RBI Increases Equity Investment Limit for NRIs and OCIs

Mumbai, June 5: The Governor of the Reserve Bank of India (RBI), Sanjay Malhotra, announced on Friday that the investment limit for Non-Resident Indians (NRIs) and Overseas Citizens of India (OCIs) in equity instruments traded in the stock market will be increased without the need for Securities and Exchange Board of India (SEBI) registration.

In his address following the Monetary Policy Committee (MPC) meeting, he stated that this facility will now also be available to all individual foreign resident persons (PROIs), similar to NRIs and OCIs.

Malhotra mentioned that to encourage external commercial borrowing (ECB) by public sector undertakings (PSUs), a concessional foreign exchange swap facility will be available until September 30, 2026. Additionally, authorized dealer (AD) banks will also be given the same facility to bear the full hedging cost for raising new Foreign Currency Non-Resident (FCNR(B)) deposits for a period of 3 to 5 years until September 30, 2026.

To attract foreign capital, the RBI has decided to expand the scope of “specified securities” under the Fully Accessible Route (FAR) for government securities. This will include all new government securities (G-secs) with maturities of 15, 30, and 40 years.

Malhotra announced that the limits on short-term investments, investment concentration, and individual securities for Foreign Portfolio Investors (FPIs) under the General Route will also be removed.
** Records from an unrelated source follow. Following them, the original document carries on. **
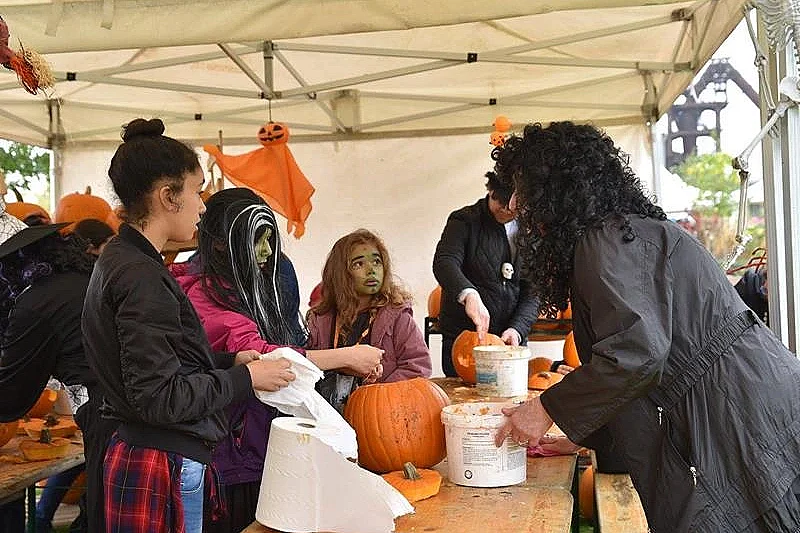 Halloween Circus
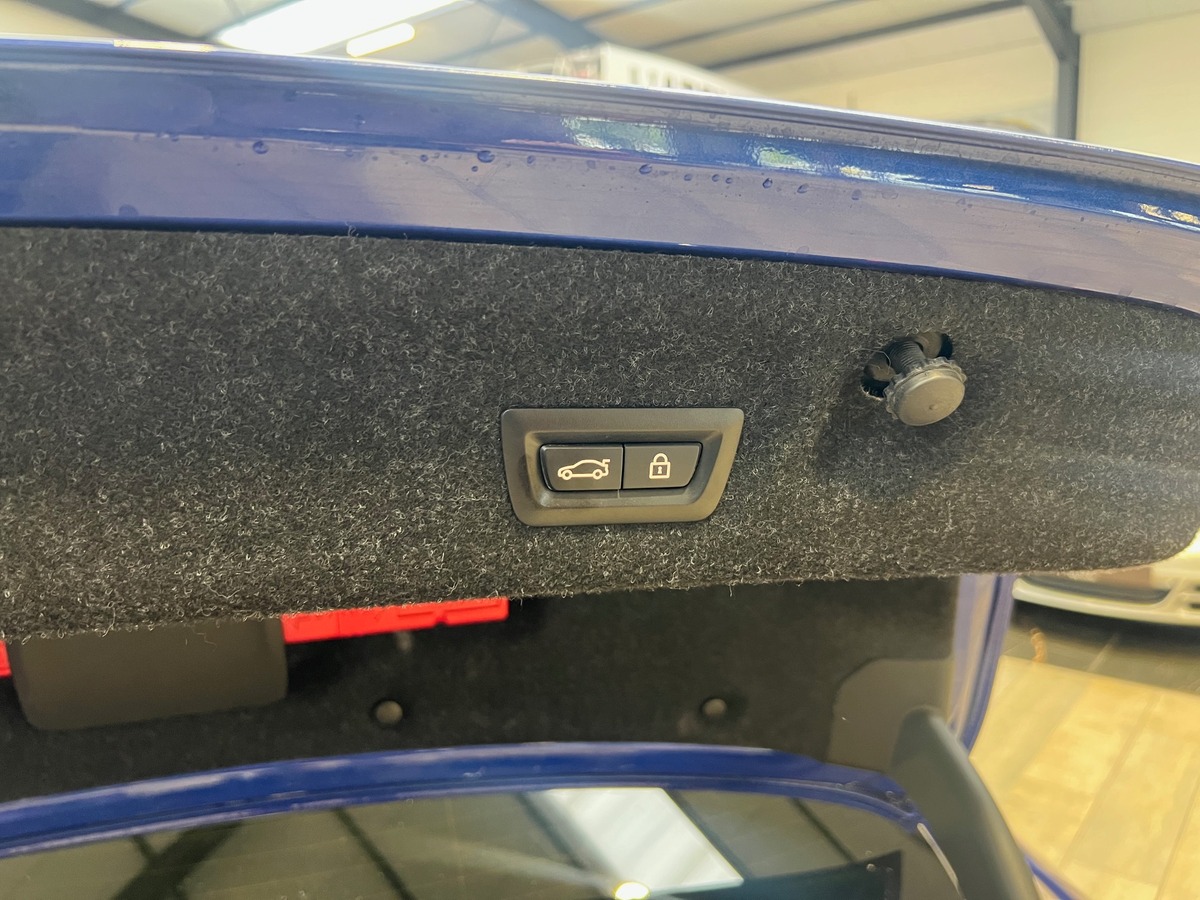 Bmw Série 4 (G22) COUPE 420D 190 M SPORT BVA8 /PORTIMAO BLUE/TOIT PANO/HUD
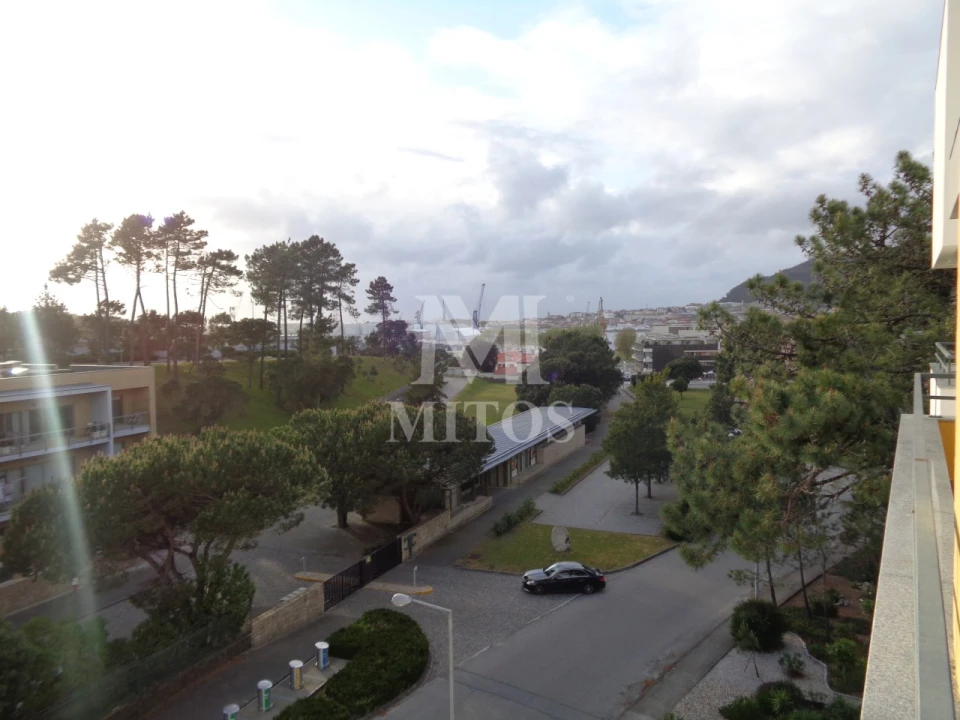 Apartamento T2 para Arrendamento em Darque Foto 17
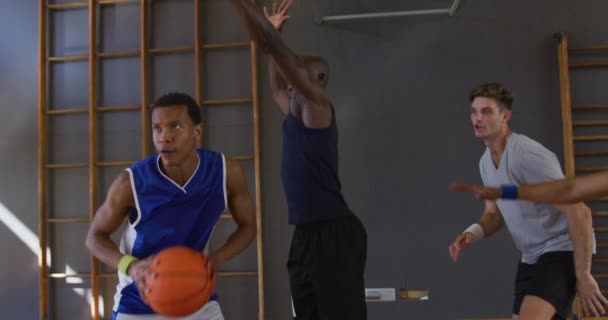 多様な男性バスケットボールチームとコーチ練習ドリブルボール バスケットボール室内裁判所でのスポーツトレーニング — ストック動画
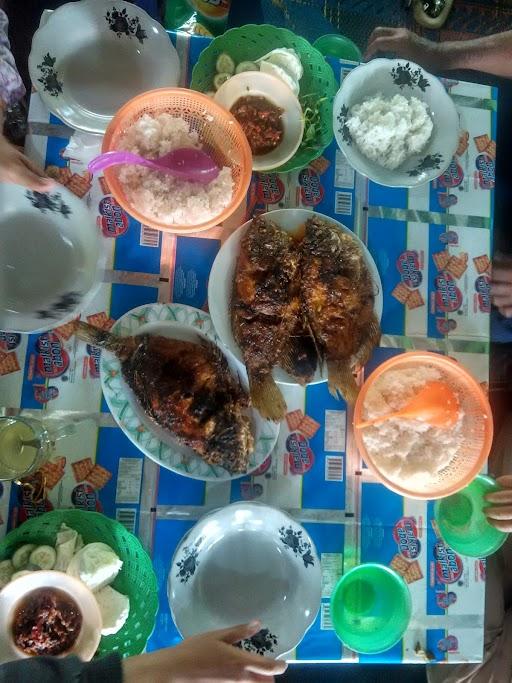 RUMAH MAKAN LESEHAN DUA PUTRA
He stated that these measures, along with the tax benefits announced by the government earlier on Friday, will help attract foreign capital for government borrowing.

The RBI Governor proposed extending the deadline for receiving export earnings to nine months. He expressed hope that these measures would strengthen the country’s balance of payments. He also emphasized the commitment to continue making necessary policy changes to promote exports and attract capital flows.

Sanjay Malhotra clarified that there has been no change in India’s exchange rate policy. He stated, “We do not target any specific exchange rate or its range. The exchange rate is allowed to be determined by market forces.”

However, he acknowledged that increased uncertainty can sometimes lead to market fluctuations that do not align with economic fundamentals and can impact economic activities.

The RBI Governor noted that while the central bank does not aim to prevent natural market adjustments, necessary steps will be taken to manage excessive volatility and disorderly market activities. He emphasized that the RBI will remain vigilant in maintaining stability in financial markets and preventing unnecessary fluctuations.